The proposed rule was published last month, with U.S. Immigration and Customs Enforcement (ICE) saying it would allow officials to better monitor whether F, J and I nonimmigrant visa holders are maintaining their status in the U.S. Opponents argue that the Department of Homeland Security (DHS) already has the tools it needs to do this, and that the regulation would hinder competitiveness in the global economy.

“If the United States is to remain a leader in science and innovation, we must encourage, rather than deter, the best minds from around the world to study and conduct research at our institutions,” said an Oct. 26 letter from the Presidents’ Alliance on Higher Education and Immigration. “One of the greatest strengths of our U.S. higher education system has been our ability to attract international students and scholars. These students and scholars enrich our classrooms, drive innovation, promote scientific advancement, and create jobs.”

The DHS rule would modify the period of authorized stay for international students, exchange visitors, and media personnel by eliminating the availability of duration of status (“D/S”) and imposing a fixed period of admission. It would establish new requirements for individuals in those visa categories to maintain and extend their status.
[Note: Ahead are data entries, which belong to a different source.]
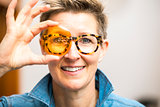 woman with glasses looking through orange glass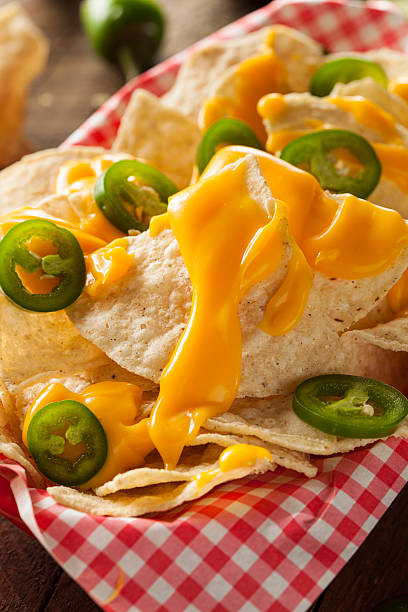 istock Homemade Nachos with Cheddar Cheese 464996088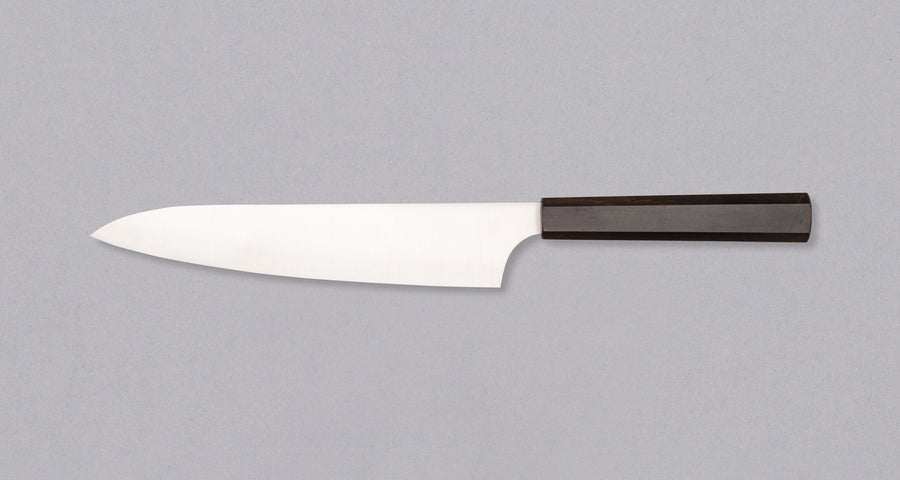 Nož Hayabusa Gyuto Aogami Super 210 mm je prava izbira za ljubitelje japonskih kuhinjskih mojstrovin. Gyuto oblika rezila zagotavlja vsestranskost pri rezanju mesa, zelenjave in rib, zato je odličen pripomoček za različne rezalne tehnike. Rezilo iz visokokakovostnega Aogami Super jekla s trdoto 63 HRC ohranja izjemno ostrino in natančnost, hkrati pa ima čudovit migaki videz in edinstvene japonske pismenke, ki poudarjajo tradicijo in slog. Osemkotni ročaj iz temne ebenovine nudi stabilen in udoben oprijem za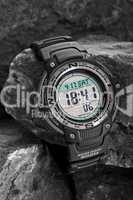 Electronic waterproof watch on grey stones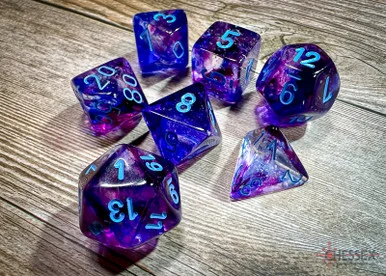 27557 - Nebula® Polyhedral Nocturnal™/blue Luminary™ 7-Die Set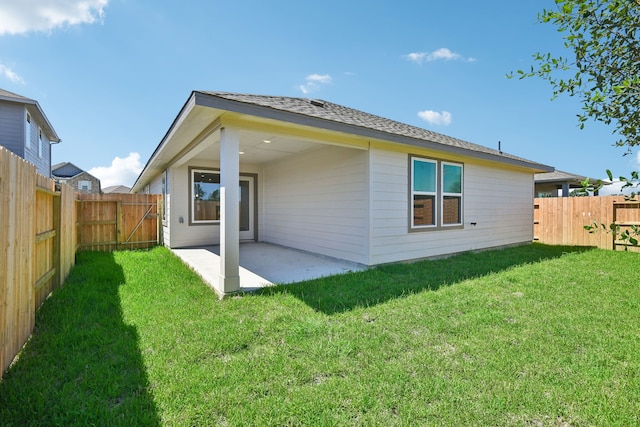 back of property with a lawn and a patio area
The Presidents’ Alliance argues that the issuance of the rule violated normal administrative procedures and would by bad policy by making U.S. higher education less competitive internationally, harming universities’ financial interests and intruding on academic decision-making. The rule has also drawn opposition from the Association of International Educators (NAFSA) and Compete America, a business coalition that advocates for creating jobs by reforming high-skilled immigration.
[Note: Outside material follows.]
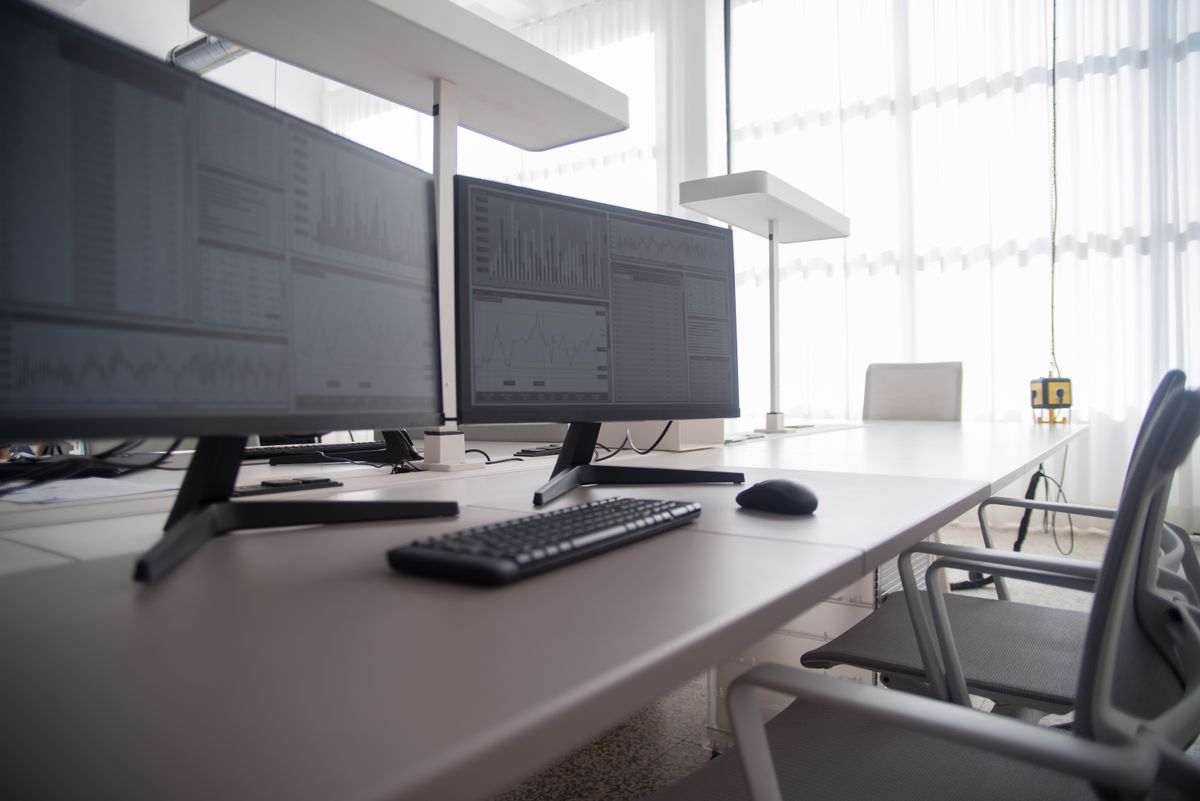 Modern dual-monitor workstation setup with an ergonomic keyboard arrangement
“Our nation’s competitive advantage in educational choices generates major benefits to U.S. educational institutions, to their students, and to our economy,” Compete America said in an Oct. 26 letter. “It is an important reason why the United States has achieved and maintained, for the time being, the leading competitive edge globally in technology and innovation. This (rule) is counterproductive to those national interests, obstructing the process for accepting foreign students into our higher education system and integrating them productively into our economy, without generating articulable benefits to the integrity of the immigration system.”

The final regulation will likely not take effect for months. A 30-day comment period on the proposed regulation ended Oct. 26, but the government will accept comments until Nov. 25 on form changes that are required by the rule. ICE must review and consider the comments before finalizing the rule, and may make changes to the rule based on comments it receives. The final rule is expected to have a 60-day delayed effective date.
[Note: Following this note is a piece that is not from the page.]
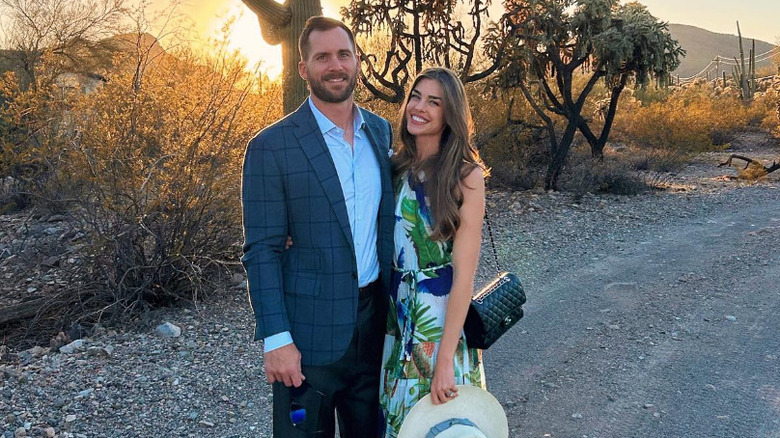 Rhett Ellison and Raina Hein standing in front of a sunset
BAL Analysis: Despite the opposition, the administration is pushing forward with ICE’s duration of status rule. BAL continues to work with Presidents’ Alliance on Higher Education and Immigration and other coalitions to push for maximally beneficial immigration policies for U.S. universities and companies. Current rules on duration of status for F, J, and I nonimmigrants will remain in place until a final regulation takes effect. BAL continues to follow the regulation as it moves through the rulemaking process and will provide additional updates as information becomes available.